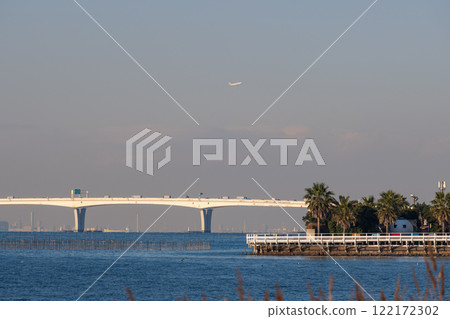 The blue sea of Kisarazu with a view of the Akura Line and planes taking off from Haneda Airport The blue sea of Kisarazu with a view of the Akura Line and planes taking off from Haneda Airport 122172302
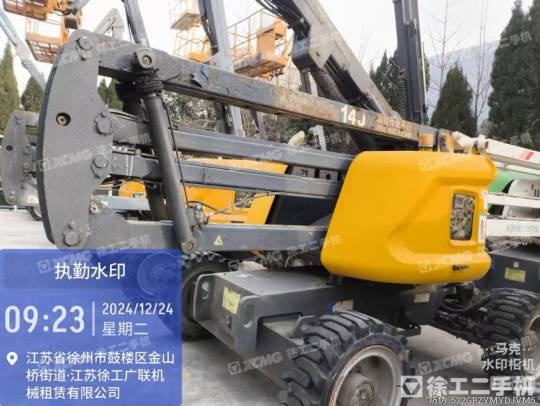 徐工GTBZ14J曲臂式高空作业平台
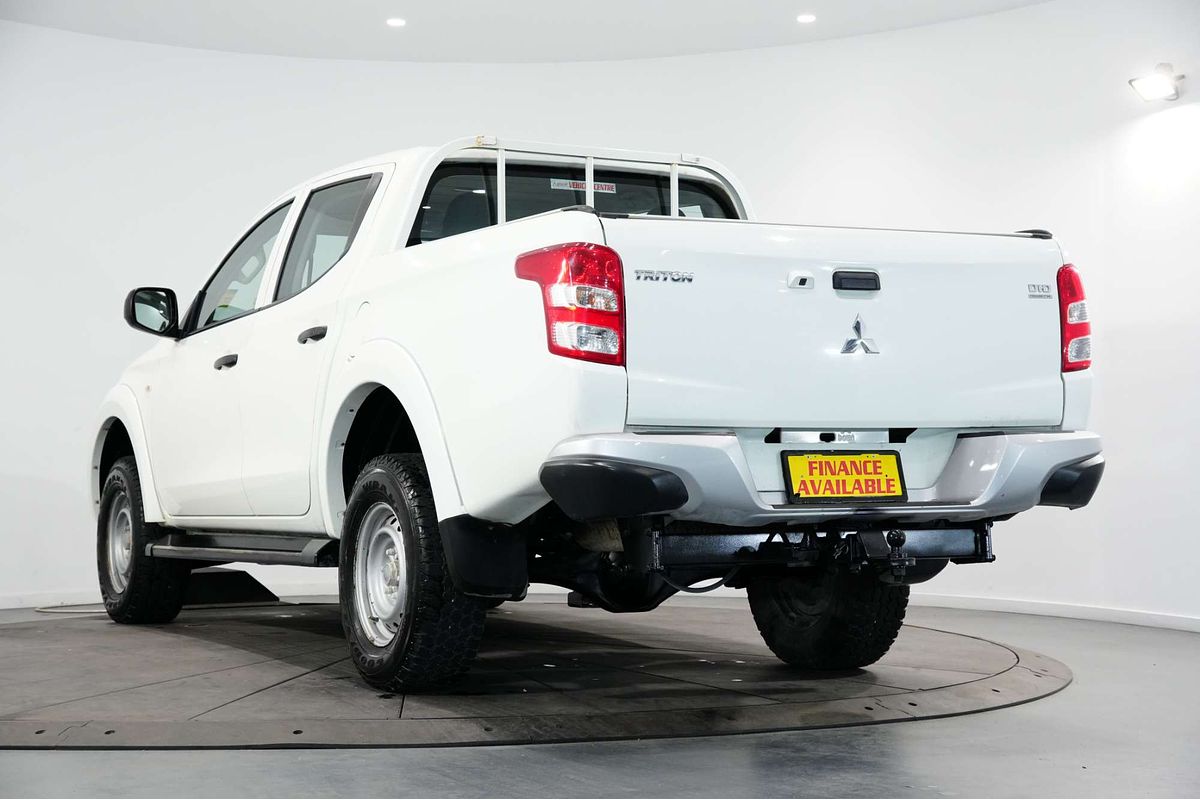 2018 Mitsubishi Triton GLX MQ 4X4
-----
Return an exact copy of the data above, apart from any pictures.

ANSWER SPACE:
 The blue sea of Kisarazu with a view of the Akura Line and planes taking off from Haneda Airport The blue sea of Kisarazu with a view of the Akura Line and planes taking off from Haneda Airport 122172302
 徐工GTBZ14J曲臂式高空作业平台
 2018 Mitsubishi Triton GLX MQ 4X4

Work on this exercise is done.